[Start of Attachment]

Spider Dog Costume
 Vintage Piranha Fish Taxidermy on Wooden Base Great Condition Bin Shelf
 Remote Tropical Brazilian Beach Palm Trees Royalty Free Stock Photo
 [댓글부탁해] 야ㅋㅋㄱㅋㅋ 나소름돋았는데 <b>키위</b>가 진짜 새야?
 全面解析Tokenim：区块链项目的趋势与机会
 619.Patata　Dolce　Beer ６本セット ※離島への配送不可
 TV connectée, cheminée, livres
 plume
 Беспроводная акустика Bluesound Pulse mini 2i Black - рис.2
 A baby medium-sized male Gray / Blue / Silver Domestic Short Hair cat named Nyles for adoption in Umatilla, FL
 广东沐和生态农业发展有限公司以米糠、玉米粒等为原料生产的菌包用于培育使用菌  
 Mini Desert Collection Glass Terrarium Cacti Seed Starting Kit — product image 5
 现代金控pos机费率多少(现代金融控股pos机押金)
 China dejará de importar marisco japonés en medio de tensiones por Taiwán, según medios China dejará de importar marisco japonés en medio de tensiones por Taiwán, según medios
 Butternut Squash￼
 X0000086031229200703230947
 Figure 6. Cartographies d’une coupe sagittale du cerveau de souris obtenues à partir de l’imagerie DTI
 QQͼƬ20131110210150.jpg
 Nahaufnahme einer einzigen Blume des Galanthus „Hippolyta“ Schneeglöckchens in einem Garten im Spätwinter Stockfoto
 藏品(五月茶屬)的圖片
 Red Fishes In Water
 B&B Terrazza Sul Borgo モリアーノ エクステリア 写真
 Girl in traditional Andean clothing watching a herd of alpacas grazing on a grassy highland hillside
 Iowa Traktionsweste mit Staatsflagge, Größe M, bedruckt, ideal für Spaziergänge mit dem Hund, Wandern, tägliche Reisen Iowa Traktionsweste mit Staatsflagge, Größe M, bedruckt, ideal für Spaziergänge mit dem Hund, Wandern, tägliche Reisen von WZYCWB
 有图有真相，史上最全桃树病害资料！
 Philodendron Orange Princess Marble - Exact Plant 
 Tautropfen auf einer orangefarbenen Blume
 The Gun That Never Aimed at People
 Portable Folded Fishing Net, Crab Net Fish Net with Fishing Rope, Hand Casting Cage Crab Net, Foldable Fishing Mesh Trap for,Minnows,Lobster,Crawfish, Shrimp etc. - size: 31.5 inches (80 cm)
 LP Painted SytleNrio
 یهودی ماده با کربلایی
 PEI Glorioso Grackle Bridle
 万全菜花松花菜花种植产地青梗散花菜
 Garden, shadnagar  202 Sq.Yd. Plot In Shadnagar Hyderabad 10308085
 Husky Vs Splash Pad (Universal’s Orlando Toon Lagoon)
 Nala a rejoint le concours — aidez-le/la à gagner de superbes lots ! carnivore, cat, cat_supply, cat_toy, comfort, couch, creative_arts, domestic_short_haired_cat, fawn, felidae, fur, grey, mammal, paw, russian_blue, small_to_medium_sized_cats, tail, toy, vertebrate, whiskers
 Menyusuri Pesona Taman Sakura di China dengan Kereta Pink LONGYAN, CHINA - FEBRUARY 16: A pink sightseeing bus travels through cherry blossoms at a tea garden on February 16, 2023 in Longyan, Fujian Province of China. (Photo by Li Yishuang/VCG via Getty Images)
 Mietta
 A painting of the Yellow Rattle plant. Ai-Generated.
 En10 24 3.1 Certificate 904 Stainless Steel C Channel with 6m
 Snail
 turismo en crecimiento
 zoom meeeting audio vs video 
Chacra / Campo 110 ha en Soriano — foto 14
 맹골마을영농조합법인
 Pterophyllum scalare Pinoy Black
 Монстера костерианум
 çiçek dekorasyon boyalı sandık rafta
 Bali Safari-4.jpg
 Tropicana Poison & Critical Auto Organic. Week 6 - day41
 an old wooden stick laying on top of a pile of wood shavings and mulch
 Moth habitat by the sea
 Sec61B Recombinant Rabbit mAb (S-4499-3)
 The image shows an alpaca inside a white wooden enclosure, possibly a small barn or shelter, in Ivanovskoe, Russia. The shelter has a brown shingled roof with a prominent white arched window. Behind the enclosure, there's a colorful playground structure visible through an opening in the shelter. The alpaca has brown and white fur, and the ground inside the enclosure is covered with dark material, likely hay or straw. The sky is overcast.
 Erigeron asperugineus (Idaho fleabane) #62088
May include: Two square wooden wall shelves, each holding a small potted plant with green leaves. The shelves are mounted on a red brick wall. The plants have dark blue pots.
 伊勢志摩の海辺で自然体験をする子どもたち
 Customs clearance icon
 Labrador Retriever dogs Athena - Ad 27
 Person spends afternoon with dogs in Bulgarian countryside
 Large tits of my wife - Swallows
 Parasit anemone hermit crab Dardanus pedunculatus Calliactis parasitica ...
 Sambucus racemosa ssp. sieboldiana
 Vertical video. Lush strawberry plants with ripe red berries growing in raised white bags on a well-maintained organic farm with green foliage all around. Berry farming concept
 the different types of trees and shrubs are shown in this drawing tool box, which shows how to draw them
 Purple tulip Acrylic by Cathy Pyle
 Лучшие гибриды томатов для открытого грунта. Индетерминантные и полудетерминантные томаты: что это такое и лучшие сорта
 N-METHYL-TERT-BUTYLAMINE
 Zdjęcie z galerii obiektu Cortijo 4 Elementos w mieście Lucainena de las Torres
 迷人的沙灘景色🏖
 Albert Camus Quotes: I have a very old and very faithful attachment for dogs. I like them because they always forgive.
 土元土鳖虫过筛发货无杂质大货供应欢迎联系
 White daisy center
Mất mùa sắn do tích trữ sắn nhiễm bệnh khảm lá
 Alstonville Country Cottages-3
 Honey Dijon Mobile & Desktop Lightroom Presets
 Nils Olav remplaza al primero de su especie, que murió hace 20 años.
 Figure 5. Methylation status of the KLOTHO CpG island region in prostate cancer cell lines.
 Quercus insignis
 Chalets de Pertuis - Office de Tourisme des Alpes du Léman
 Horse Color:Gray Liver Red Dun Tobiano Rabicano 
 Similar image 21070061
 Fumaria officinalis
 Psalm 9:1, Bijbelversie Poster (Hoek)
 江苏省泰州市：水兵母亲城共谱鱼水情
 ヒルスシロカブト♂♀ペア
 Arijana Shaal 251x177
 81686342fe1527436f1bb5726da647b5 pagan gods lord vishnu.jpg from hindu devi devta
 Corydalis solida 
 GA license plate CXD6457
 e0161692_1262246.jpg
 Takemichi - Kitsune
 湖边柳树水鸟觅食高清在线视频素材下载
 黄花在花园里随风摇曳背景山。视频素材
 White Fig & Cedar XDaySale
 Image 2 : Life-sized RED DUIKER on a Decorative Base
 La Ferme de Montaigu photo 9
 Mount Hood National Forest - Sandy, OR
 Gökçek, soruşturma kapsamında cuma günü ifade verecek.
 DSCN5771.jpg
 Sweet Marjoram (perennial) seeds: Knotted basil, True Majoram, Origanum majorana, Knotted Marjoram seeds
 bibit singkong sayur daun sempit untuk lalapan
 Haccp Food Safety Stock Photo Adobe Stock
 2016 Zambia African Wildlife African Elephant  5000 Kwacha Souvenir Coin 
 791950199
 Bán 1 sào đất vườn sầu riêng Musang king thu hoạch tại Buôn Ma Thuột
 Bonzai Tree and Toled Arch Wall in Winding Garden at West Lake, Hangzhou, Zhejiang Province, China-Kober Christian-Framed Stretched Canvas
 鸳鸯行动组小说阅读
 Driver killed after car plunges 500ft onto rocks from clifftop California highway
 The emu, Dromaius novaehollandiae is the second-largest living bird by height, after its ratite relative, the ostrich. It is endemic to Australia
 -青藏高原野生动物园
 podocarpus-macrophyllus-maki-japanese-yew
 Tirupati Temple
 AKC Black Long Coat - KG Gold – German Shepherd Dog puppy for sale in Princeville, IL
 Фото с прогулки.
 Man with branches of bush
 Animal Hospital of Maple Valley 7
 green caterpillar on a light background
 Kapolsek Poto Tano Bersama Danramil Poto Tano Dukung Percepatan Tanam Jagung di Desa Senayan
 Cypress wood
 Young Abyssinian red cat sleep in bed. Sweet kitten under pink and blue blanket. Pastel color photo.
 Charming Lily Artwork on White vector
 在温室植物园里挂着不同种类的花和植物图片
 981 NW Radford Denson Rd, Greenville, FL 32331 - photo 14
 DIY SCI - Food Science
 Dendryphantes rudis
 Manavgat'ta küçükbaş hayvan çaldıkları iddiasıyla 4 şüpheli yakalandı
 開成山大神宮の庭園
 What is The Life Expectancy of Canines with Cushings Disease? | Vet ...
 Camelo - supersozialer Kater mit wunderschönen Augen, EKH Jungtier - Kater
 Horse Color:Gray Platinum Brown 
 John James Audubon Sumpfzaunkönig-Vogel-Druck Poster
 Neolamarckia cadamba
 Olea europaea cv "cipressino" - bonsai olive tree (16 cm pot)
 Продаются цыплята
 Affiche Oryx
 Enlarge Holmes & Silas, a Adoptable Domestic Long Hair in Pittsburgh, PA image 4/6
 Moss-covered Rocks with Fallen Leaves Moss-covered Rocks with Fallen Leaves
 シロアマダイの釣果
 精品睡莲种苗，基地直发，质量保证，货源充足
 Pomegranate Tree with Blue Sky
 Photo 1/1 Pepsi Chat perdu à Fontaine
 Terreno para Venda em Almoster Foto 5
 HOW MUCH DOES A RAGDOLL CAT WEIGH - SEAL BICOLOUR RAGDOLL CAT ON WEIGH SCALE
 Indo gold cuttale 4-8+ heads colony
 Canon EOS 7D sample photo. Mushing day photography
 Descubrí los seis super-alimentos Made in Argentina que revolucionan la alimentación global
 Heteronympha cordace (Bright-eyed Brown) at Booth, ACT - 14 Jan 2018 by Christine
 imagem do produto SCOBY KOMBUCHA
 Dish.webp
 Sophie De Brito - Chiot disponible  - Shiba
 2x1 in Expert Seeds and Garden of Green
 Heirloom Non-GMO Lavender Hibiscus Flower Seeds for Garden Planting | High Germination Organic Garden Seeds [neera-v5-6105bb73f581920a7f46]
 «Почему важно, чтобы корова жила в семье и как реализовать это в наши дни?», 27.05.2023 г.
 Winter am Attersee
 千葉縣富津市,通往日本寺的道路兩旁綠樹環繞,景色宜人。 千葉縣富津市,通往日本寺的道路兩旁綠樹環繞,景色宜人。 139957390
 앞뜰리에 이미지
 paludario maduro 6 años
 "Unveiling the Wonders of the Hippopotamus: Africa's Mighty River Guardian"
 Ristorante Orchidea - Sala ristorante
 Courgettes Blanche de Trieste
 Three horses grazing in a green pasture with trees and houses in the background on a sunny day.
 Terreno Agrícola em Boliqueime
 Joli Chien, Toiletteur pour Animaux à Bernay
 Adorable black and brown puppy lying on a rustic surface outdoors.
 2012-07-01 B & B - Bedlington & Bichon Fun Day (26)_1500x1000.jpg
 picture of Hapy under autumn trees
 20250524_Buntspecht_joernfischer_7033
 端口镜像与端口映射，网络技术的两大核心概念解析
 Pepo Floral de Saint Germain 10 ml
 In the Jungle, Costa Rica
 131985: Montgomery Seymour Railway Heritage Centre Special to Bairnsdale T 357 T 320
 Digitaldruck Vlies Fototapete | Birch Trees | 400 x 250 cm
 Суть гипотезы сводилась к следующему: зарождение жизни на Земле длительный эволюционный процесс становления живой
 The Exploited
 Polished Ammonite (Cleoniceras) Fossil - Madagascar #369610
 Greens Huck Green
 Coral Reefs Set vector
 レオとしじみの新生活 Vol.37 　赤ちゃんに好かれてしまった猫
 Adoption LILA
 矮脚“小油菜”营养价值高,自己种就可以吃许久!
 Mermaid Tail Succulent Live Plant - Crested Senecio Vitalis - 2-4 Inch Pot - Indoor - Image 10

[End of Attachment]

### WORK REQUEST
Only one stretch of the entries above is wanted: the lines from the one containing "Philodendron Orange Princess" through the one containing "The Gun That Never Aimed at People". Please reproduce it exactly.

### RESPONSE TO THIS EXERCISE
 Philodendron Orange Princess Marble - Exact Plant 
 Tautropfen auf einer orangefarbenen Blume
 The Gun That Never Aimed at People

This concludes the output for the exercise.